Asian shares gained across the board on Thursday as risk appetite revived after the Federal Reserve reduced the number of interest rate hikes expected this year, while the dollar nursed substantial losses.


A pedestrian looks at an electronic board showing the stock market indices of various countries outside a brokerage in Tokyo, Japan, February 26, 2016.



Spreadbetters saw the upward momentum for equities being retained in Europe, forecasting a higher open for Britain's FTSE .FTSE, Germany's DAX .GDAXI and France's CAC .FCHI

The potential for more money to continue flowing into commodities and equities, rather being lured by higher U.S. interest rates, boosted crude oil and emerging market stocks.

MSCI's broadest index of Asia-Pacific shares outside Japan .MIAPJ0000PUS climbed to a two-month high and was last up 1.9 percent.

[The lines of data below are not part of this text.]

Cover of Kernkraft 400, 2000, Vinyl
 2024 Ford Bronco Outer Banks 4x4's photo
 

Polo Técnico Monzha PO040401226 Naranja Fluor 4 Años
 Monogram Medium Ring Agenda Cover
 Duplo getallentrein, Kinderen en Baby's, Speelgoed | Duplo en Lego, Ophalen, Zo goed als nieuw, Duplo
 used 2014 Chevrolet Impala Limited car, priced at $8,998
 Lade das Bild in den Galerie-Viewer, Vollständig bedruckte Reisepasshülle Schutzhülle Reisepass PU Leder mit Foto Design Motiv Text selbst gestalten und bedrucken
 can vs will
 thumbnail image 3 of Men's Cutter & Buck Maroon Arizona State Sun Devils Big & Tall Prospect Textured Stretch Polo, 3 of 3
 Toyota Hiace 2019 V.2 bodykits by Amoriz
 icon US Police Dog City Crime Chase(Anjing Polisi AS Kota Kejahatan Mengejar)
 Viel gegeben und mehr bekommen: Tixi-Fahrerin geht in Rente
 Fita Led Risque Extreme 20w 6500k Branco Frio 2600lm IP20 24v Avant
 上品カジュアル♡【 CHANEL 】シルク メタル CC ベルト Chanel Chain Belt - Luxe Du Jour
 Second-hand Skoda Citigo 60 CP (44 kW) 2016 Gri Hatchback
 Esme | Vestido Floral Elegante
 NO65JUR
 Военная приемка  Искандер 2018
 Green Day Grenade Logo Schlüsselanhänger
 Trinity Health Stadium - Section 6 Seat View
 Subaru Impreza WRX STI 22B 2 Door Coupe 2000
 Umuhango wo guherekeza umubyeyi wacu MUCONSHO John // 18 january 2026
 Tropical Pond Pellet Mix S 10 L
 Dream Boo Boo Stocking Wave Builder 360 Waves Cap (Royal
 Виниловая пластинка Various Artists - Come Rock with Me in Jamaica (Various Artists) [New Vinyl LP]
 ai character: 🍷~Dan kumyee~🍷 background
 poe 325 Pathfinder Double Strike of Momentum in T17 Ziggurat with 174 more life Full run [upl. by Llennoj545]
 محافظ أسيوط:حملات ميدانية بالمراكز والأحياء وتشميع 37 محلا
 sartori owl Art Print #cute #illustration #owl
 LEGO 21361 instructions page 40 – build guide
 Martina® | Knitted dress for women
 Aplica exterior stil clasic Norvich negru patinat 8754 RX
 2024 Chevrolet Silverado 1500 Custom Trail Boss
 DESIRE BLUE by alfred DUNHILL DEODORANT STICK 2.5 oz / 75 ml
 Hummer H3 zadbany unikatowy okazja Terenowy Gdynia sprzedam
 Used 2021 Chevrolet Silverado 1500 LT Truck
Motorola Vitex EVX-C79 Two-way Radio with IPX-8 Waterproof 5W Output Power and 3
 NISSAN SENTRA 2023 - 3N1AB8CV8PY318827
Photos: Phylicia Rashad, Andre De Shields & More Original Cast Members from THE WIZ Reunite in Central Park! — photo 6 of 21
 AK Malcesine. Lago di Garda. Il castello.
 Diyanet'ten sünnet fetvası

Australian stocks added 1 percent, South Korea's Kospi .KS11 rose 0.9 percent and Shanghai .SSEC was up 1 percent. Japan's Nikkei .N225 pared earlier gains and fell 0.6 percent as the dollar slipped versus the yen.

Asian equities took their cue from Wall Street, where the S&P 500 .SPX closed at its highest level this year following the U.S. central bank's cautious message. [.N]

The Fed concluded a closely watched two-day policy meeting on Wednesday by leaving interest rates untouched, as expected, and signaling fewer rate hikes in coming months as the United States continues to face risks from an uncertain global economy.

"Removing interest rate risk from the near horizon has been enough to coax money back into risky assets, but price increases in gold and the depreciation of the dollar would indicate that quantification of the degree of risk still varies greatly," said Martin King, co-managing director at Tyton Capital Advisors.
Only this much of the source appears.